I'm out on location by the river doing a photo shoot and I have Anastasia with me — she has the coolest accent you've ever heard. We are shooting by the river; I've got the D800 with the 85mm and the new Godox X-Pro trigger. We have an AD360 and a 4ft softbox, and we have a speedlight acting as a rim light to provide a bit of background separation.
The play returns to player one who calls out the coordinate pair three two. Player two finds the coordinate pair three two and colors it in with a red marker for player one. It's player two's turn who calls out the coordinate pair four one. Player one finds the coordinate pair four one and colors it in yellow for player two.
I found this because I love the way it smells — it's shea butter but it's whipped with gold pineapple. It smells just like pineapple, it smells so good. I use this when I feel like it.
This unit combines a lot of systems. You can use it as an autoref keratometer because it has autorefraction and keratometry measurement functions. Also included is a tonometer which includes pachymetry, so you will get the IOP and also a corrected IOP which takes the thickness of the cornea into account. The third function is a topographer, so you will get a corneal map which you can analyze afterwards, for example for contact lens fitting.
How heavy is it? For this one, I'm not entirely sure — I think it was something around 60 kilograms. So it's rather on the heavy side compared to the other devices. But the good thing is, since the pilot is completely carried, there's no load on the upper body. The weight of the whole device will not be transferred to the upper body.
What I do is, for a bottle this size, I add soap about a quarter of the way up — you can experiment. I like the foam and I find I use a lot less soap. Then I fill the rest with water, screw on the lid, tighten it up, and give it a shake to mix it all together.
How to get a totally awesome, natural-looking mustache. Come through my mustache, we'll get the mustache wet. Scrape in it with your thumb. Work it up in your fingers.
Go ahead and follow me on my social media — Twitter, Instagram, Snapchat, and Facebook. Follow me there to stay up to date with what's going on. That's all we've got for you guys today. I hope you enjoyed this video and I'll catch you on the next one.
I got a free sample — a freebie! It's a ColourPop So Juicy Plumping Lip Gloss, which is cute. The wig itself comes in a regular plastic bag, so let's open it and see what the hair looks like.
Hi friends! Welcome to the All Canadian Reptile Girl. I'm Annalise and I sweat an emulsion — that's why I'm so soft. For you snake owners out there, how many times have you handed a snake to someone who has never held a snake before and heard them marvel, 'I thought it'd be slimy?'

++++++++

Lines from the top of the entries above to the line that contains "This unit combines" should be set down exactly, please, with both ends kept and nothing added.

I'm out on location by the river doing a photo shoot and I have Anastasia with me — she has the coolest accent you've ever heard. We are shooting by the river; I've got the D800 with the 85mm and the new Godox X-Pro trigger. We have an AD360 and a 4ft softbox, and we have a speedlight acting as a rim light to provide a bit of background separation.
The play returns to player one who calls out the coordinate pair three two. Player two finds the coordinate pair three two and colors it in with a red marker for player one. It's player two's turn who calls out the coordinate pair four one. Player one finds the coordinate pair four one and colors it in yellow for player two.
I found this because I love the way it smells — it's shea butter but it's whipped with gold pineapple. It smells just like pineapple, it smells so good. I use this when I feel like it.
This unit combines a lot of systems. You can use it as an autoref keratometer because it has autorefraction and keratometry measurement functions. Also included is a tonometer which includes pachymetry, so you will get the IOP and also a corrected IOP which takes the thickness of the cornea into account. The third function is a topographer, so you will get a corneal map which you can analyze afterwards, for example for contact lens fitting.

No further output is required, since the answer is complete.